**EXERCISE INPUT**
····················

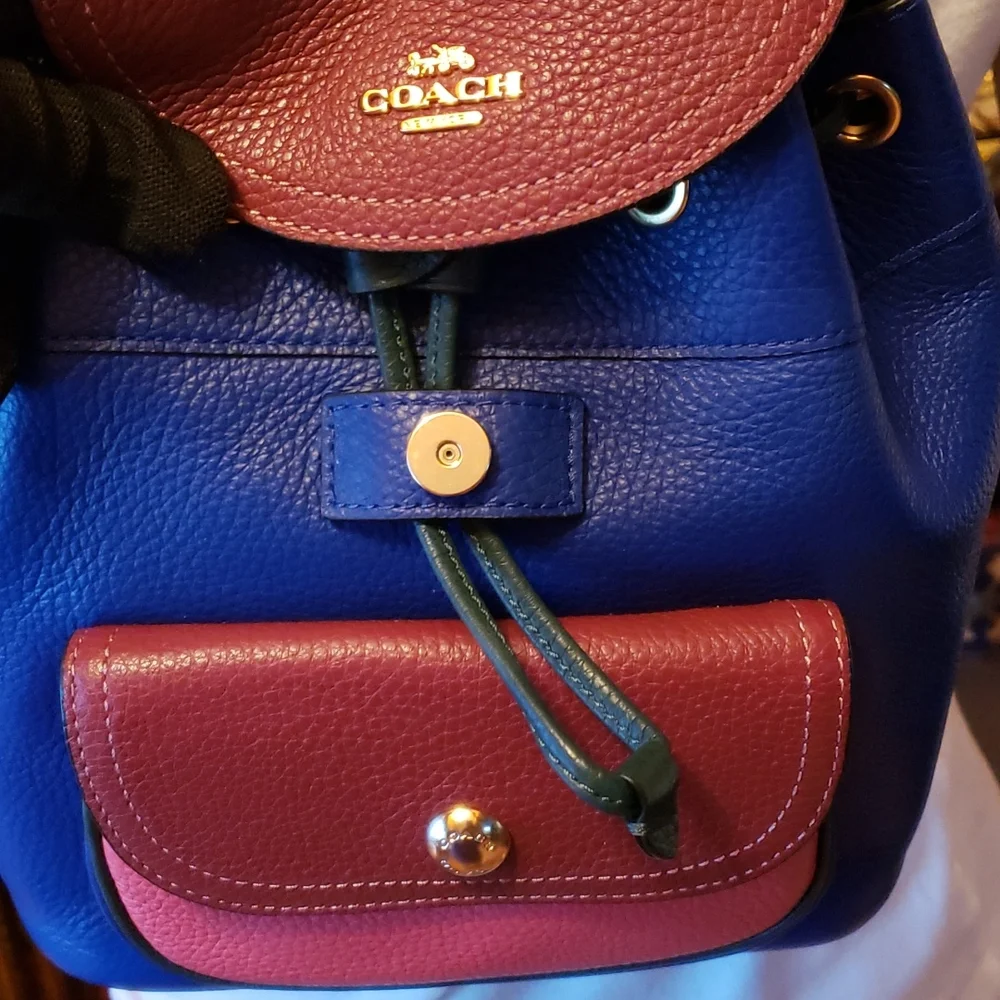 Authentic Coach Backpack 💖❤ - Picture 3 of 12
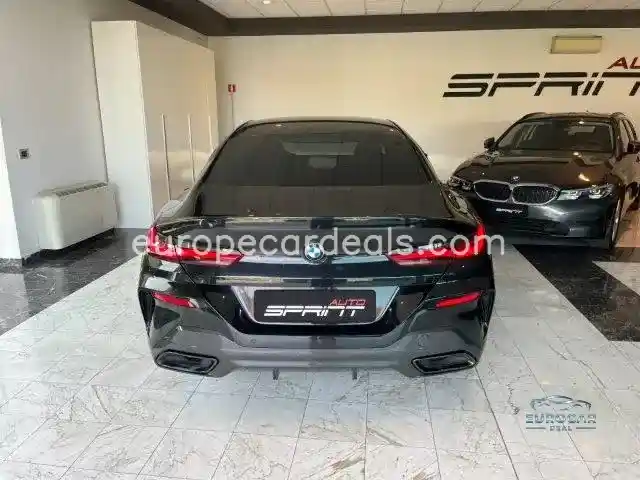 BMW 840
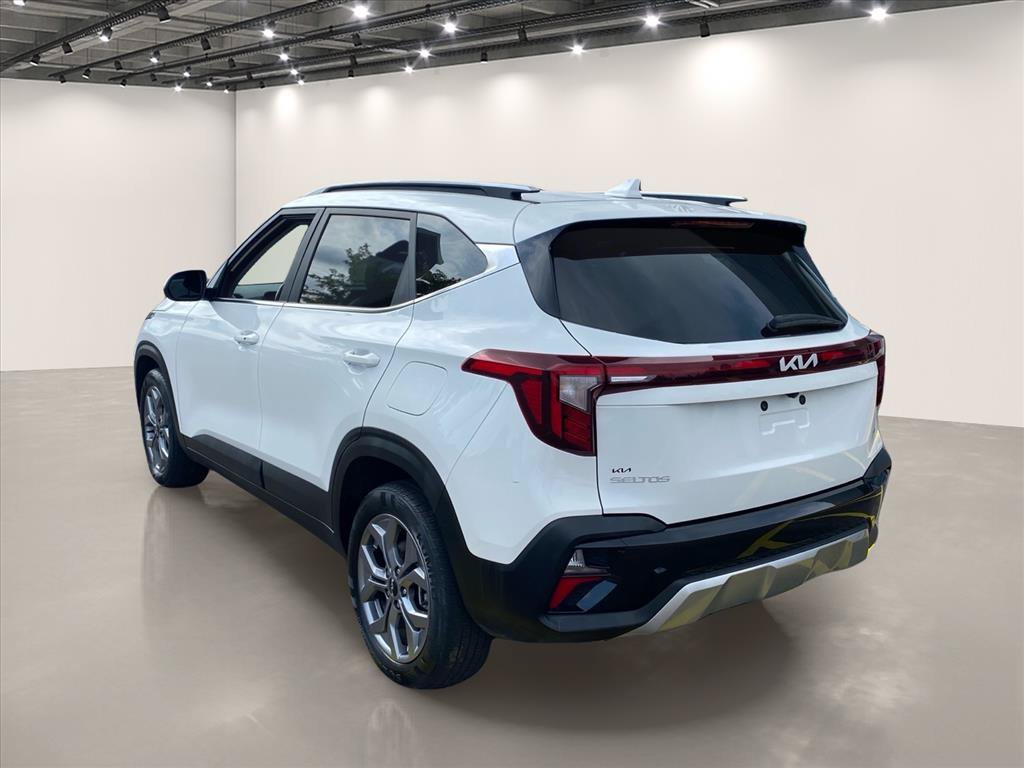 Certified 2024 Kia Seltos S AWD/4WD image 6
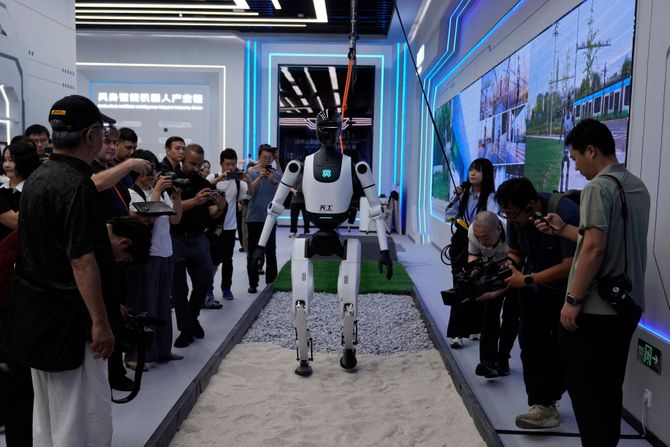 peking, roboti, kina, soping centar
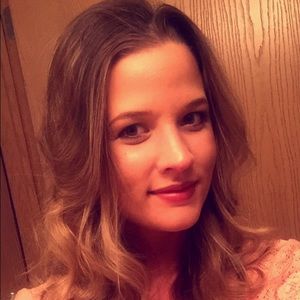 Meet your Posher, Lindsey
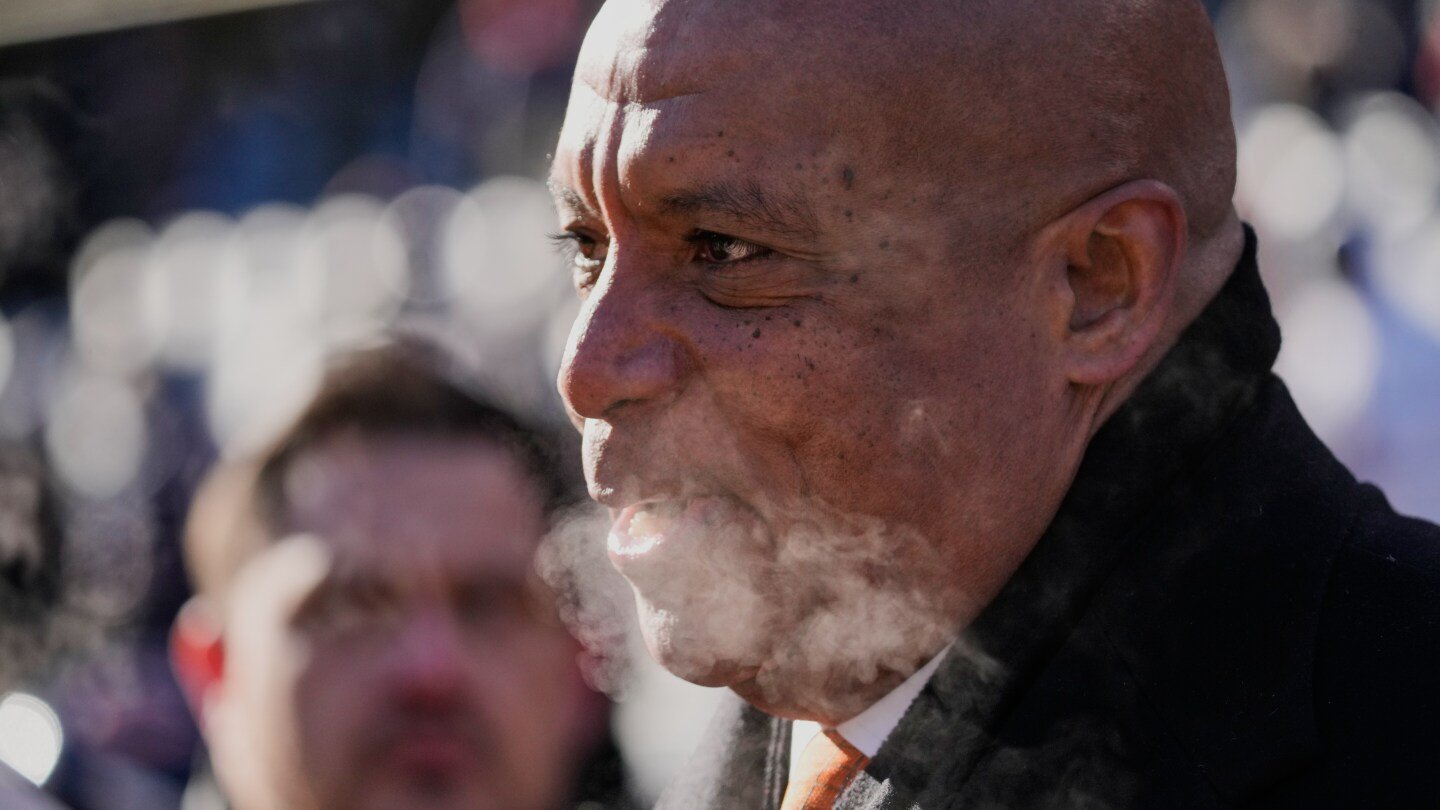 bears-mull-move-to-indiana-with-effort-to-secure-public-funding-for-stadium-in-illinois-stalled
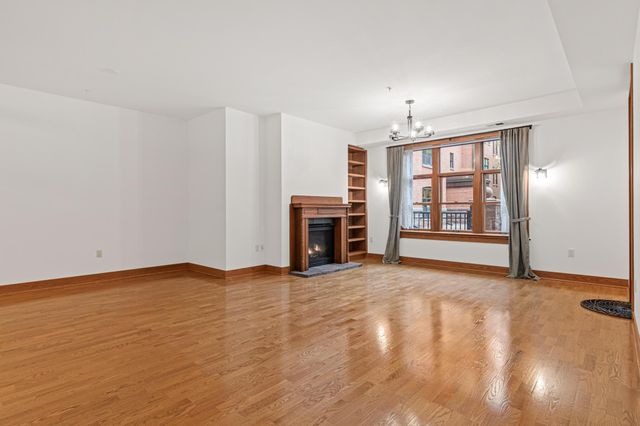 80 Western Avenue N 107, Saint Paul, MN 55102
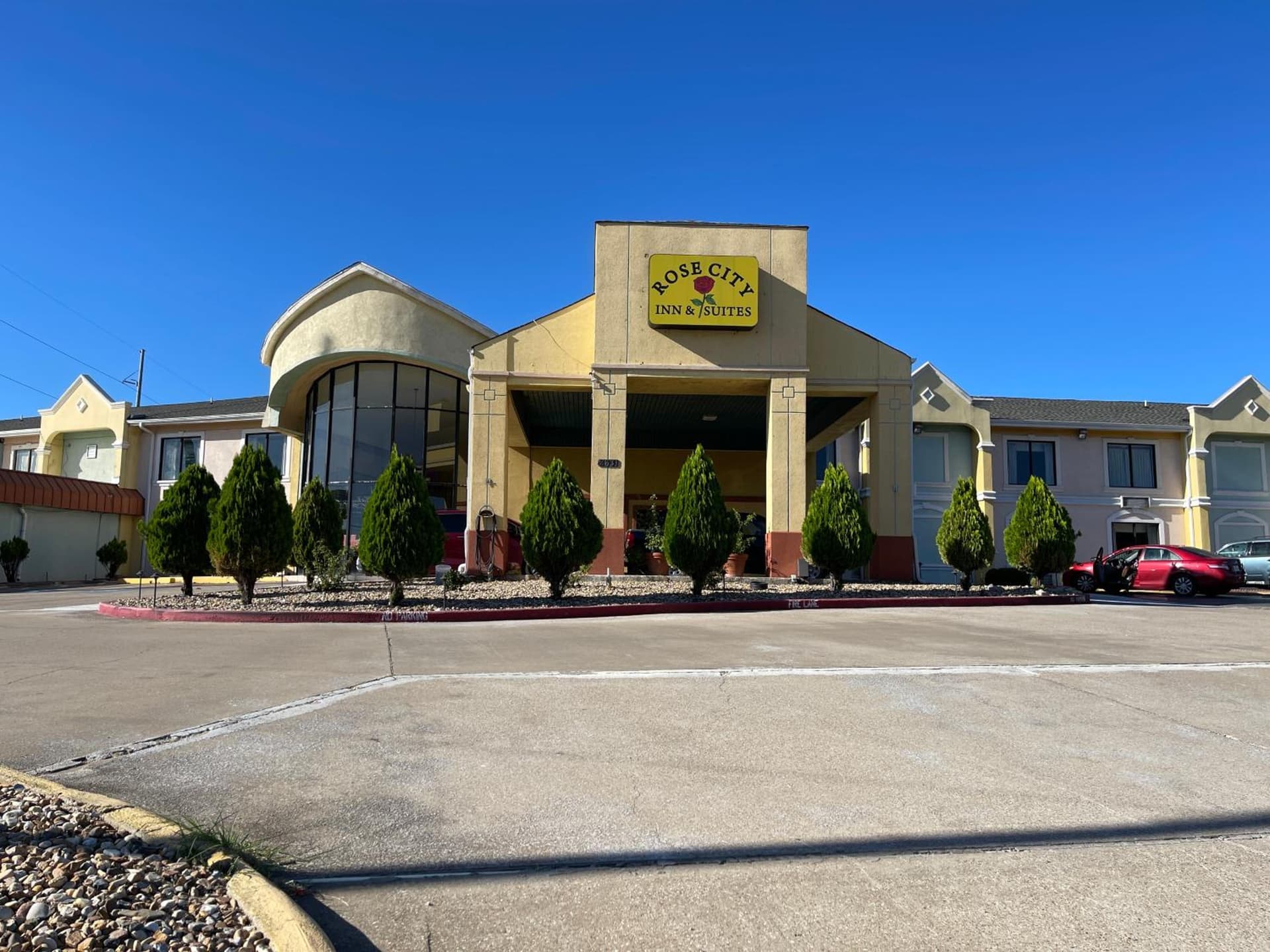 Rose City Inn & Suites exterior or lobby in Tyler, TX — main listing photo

····················

**THE TASK**
Would you restate word for word only the lines from the one containing "Certified 2024 Kia Seltos S AWD/4WD image 6" to the final line of the material, both ends included, without any pictures?

**TASK RESULT**
 Certified 2024 Kia Seltos S AWD/4WD image 6
 peking, roboti, kina, soping centar
 Meet your Posher, Lindsey
 bears-mull-move-to-indiana-with-effort-to-secure-public-funding-for-stadium-in-illinois-stalled
 80 Western Avenue N 107, Saint Paul, MN 55102
 Rose City Inn & Suites exterior or lobby in Tyler, TX — main listing photo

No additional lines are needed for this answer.